Report

Funded by Casey Foundation, this report examines how Juvenile Detention Alternatives Initiative® (JDAI) sites interact with Native American youth and tribes to support appropriate cultural alternatives to detention. The researchers utilized survey and interview data to pinpoint two key areas of concern:

  • a lack of reliable processes for identifying and collecting data on Native youth; and
  • a lack of outreach to tribes regarding a justice-involved Native youth.

The document ends by highlighting emerging best practices at JDAI sites serving American Indian youth in Arizona, Montana, New Mexico and Washington and sharing recommendations for reform.

November 28, 2018

In This Report, You’ll Learn

  1. 1

    How JDAI sites interact with Native American youth who are involved in the juvenile justice system.

  2. 2

    Where sites are falling short in working with American Indian youth.

  3. 3

    What emerging best practices sites are employing related to these youth.

  4. 4

    Six ways that sites can improve their work with Native American youth and tribes.

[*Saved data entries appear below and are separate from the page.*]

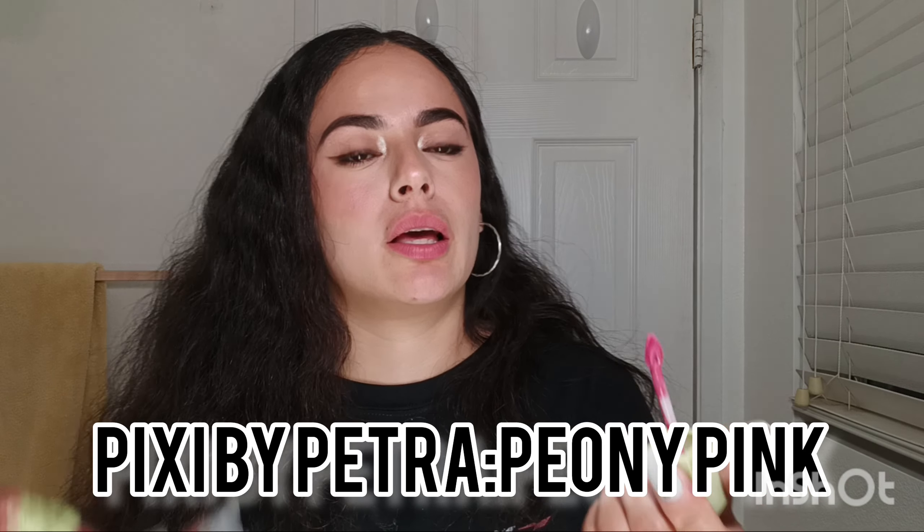This hot pink color really looks good with my hair and eyes — it lets the shade of my hair and my eyes come out. This is called 'Pleasing Pink' by Pixie by Petra. I'm going to apply it so you guys can see. I'm just showing you ideas for what lip shades look good if you have similar features.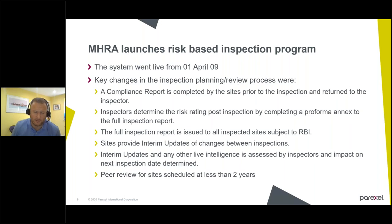Bringing all of those aspects together — the drivers from the Hampton Report and the drive for change with the coalition government — the MHRA launched a risk-based inspection program in April 2009. The key changes were that a new compliance report was to be completed by sites prior to the inspection and returned to the inspector, with questions to allow the inspector to determine what they would be doing on that site. After the inspection, a risk rating was completed, partially determined by the number of findings but also by other influencing factors that could drive a need to return sooner or later than the standard algorithm indicated.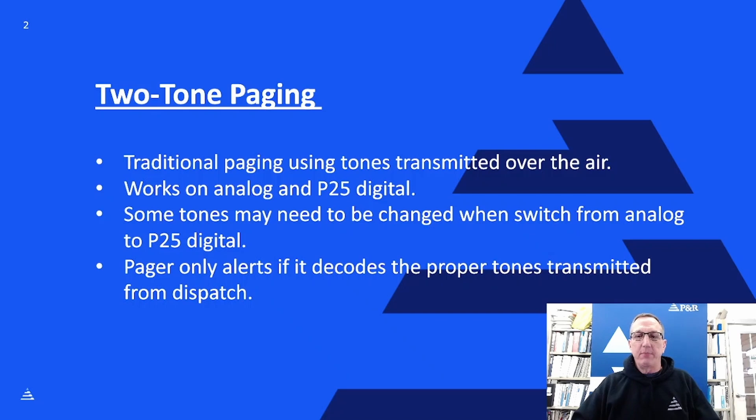Two-tone paging isn't just for analog anymore — it also works in P25 digital. We've seen a lot of departments transition from traditional analog over to P25 digital paging. When you transition from analog to digital, you may have to make minor adjustments to some of your paging tones. A lot of your tones may be perfectly compatible with P25 digital paging, but we've had some departments where we've had to move tones a little higher or lower to make them compatible with how P25 treats the paging tones in the system.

Key Takeaway on JDAI and Native American Youth

The cut to the chase conclusion? Native Youth deserve better

The surveys and interviews conducted show that the majority of JDAI sites responding have not been collecting data on Native American youth or their tribal affiliation, and were either relying on youth to self-identify as Native or allowing staff to make unilateral determinations on whether or not a youth was Native. Considering that JDAI relies on robust data collection to support the direction of alternatives to detention, these findings problematic.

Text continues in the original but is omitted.